Citel. The VoIP Migration Company

Director's Responsibilities

The Directors are responsible for the corporate governance of the Company. In July 2005, the Quoted Company Alliance guidleines ("QCA") were published, which set a minimum standard of corporate governanace for all AIM companies. Where possible the Directors apply the QCA, the principles of good corporate governance and the cost of best practice set out in the Combines Code, having regard to the size and nature of the Company.

The Board

The Board of the Company comprises Clyde Heintzelman (Chairman), Michael Robinson (Chief Executive Officer), Jose David (Chief Financial Officer), Steward Davies (Non-executive Director), and John Cunningham (Non-executive Director). Their biographies are set out on page 11 of the Annual Report for the year ended 31 March 2007. The Chairman sets the agenda and conducts the meetings. The Board meets formally twelve times a year and the Non-executives Directors can attend all meetings. In the year all Directores attended every meeting. The Board has a formal schedule of matters reserved to it for decision. Prior to a fiscal year end the Board adopts the financial plan that encompasses the strategic direction for the Company. At each Board meeting, the Board has available the monthly performance report for the Company and the Board monitors these results against the budget and makes adjustments to the strategy and plan as needed. Major developments are communicated to all Board members if they occur between regular meetings and if the Chief Executive Officer and/or Chairman feels it is warranted.

All Directors have access to the Company Secretary and all Directors may take independent professional advice, if appropriate, at the Company's expense.

In accordance with the rotation provisions in the Articles, Jose David and Clyde Heintzelman have put themselves up for re-election at the Annual General Meeting. In accordance with their terms of appointment, the appointment of each of Stewart Davies and John Cunningham as Non-executive
Directors must be ratified by the shareholders at the Annual General Meeting and appropriate resolutions are included in the notice of Annual General Meeting.

Audit Committee

The Company also has an Audit Committee. Stewart Davies is Chair of the Audit Committee and the other members are Clyde Heinzleman and John Cunningham. The terms of the reference of the Audit Committee include keeping under review the scope and results of the external audits and their
cost effectiveness. The Audit Committee reviews the independence and objectivity of the external auditors. This includes reviewing the nature and extent of non-audit services supplied by the external auditors to the Group seeking to balance objectivity and value for money. The audit committee currently meets monthly. There is no internal audit function due to the size of the Company.

Remuneration Committee

John Cunningham is chair of the Remuneration Committee and the other members are Clyde Heinzleman and Stewart Davies. The Report of the Remuneration Committee is set out on pages
12 - 14 of the Annual Report for the year ended 31 March 2007. The Remuneration Committee meets monthly.

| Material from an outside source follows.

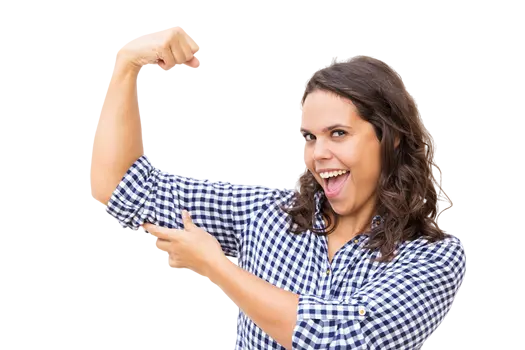 happy-proud-woman-showing-bicep-smiling-with-open-mouth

During the year the Company has not appointed a Nomination Committee for the purpose of Board
appointments. It is considered that the composition and size of the Board does not warrant a Nomination Committee and appointments are dealt with by the whole of the Board.

Terms of reference for the Audit Committee and the Remuneration Committee are available on the Company’s website www. citel.com and during normal working hours on any week day (other than public holidays) at the Company’s registered office.